Published on May 21st, 2013 | by James Ayre


New Ecologically Friendly Way To Clean Up Oil Spills — Raw Unprocessed Cotton

What’s the best way to clean up an oil spill? Using raw, unprocessed cotton to sop it up, apparently.

Image Credit: Cotton via Wikimedia Commons

Image Credit: Cotton via Wikimedia Commons

New research, just published in ACS journal Industrial & Engineering Chemistry Research, has found that unprocessed, raw cotton may be the ideal material for cleaning up oil spills — it has an amazing ability to soak up oil, is relatively ecologically friendly, and is economically viable.

The new research has provided some of the very first scientific data on the subject — quantifying the ability of unprocessed, raw cotton to absorb crude oil.

Seshadri Ramkumar and his fellow researchers note that “a particular need exists for oil-spill sorbents that are abundantly available at relatively low cost, sustainable and biodegradable. There have been extensive studies on fibers such as barley straw, kapok and wool — but big gaps in knowledge about their basic crude oil-uptake mechanisms and no data on unprocessed raw cotton.” So the researchers set out to investigate those gaps, investigating the oil sorption properties of low micronaire cotton, a type of unprocessed cotton that is a good bit cheaper than most other forms.

“In this region, about 10 percent of the cotton grown in West Texas is low micronaire,” Seshadri Ramkumar said. “It doesn’t take a dye well, so it gets discounted. However, because low-micronaire cotton is less mature, it shrinks, and you are able to pack more fiber into a given area. The strength here is that the low-micronaire cotton absorbs the most crude oil. The oil is not only stuck to surface, the oil gets absorbed into the fiber.”

Image Credit: Lacey Nobles

Image Credit: Lacey Nobles

What the research has found is that one pound of the material can — amazingly — sop up and hold over 30 pounds of crude oil. The material soaks up the oil through a variety of different mechanisms, including both absorption and adsorption. Adsorbtion is when the oil sticks to the outer surface of the cotton fiber, but isn’t absorbed by it. “In contrast to synthetic sorbents, raw cotton with its high crude oil sorption capacity and positive environmental footprint make it an ecologically friendly sorbent for oil spill cleanups,” the report concludes.

It’s worth noting that the researchers have received funding from the Texas State Support Program of Cotton Incorporated and The CH Foundation.

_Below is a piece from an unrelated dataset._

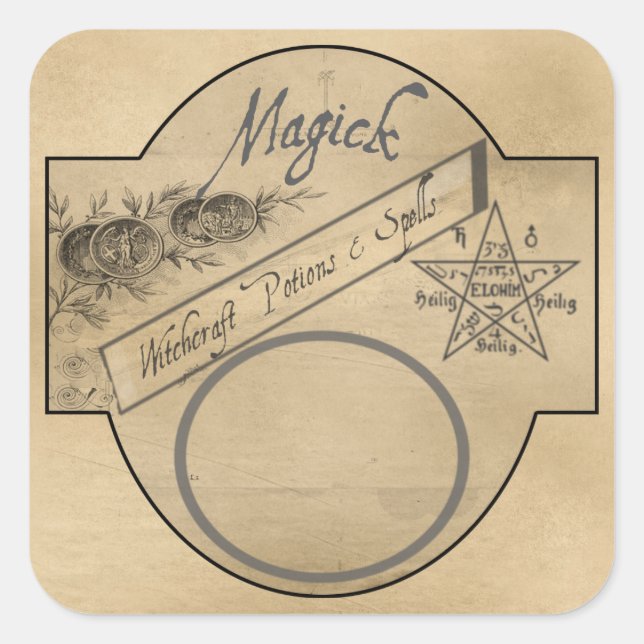 ADESIVO QUADRADO RÓTULO DAS POÇÕES MAGICK (Frente)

Of course, in the ideal situation, materials to sop up oil spills wouldn’t be a necessity. But so long as oil is used, there will no doubt be oil spills, as the recent spill in Mayflower, Arkansas has served to remind us. (And the Deepwater Horizon spill was of course only a few years ago….) Simply using cheap, raw, unprocessed cotton certainly seems to be an improvement from the current use of more expensive synthetic materials, and something worth doing, in my opinion. Any thoughts?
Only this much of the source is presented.